Heavy mechs largely eschewed mobility in order to raise their other strength at a level that was unattainable by medium mechs. They broke the size and mass ceilings of smaller machines in order to provide great value in a single unit.

Some mech theorists predicted that heavy mechs would become the only viable weight class of humanity. This was because heavy mechs were capable of packing much more weapons and armor than other mechs.

Yet reality proved otherwise.

They were slow and lumbering, making them incapable of performing scouting functions and other roles that demanded speed.

They were easy to bombard from a distance because of their inability to displace themselves fast enough.
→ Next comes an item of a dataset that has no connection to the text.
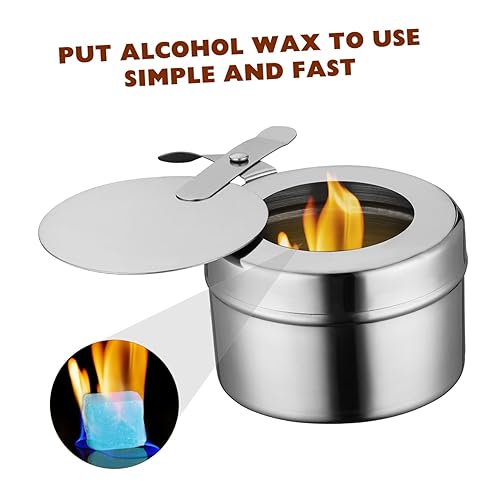 Miniatura 2 de Soporte de combustible para chafer, 4 soportes de combustible de acero inoxidable con cubierta para platos de rozaduras, bufé, barbacoa, fiesta,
They were also easily exploited by swifter mechs that could quickly get close and attack their vulnerable rear!

Heavy artillery mechs happened to be the most representative mech types of this weight class, just as how light skirmishers defined light mechs as a whole.

That meant that any heavy artillery mech, including the Transcendent Punisher, suffered from all of the aforementioned weaknesses!

Ves designed the Transcendent Punisher with the Larkinson Clan in mind. He did not invest too much in its ability to fend off melee attackers or light skirmishers because that was not its role.

Heavy artillery mechs excelled at unleashing devastating firepower at medium to long ranges, so their entire designs should strengthen this specialty.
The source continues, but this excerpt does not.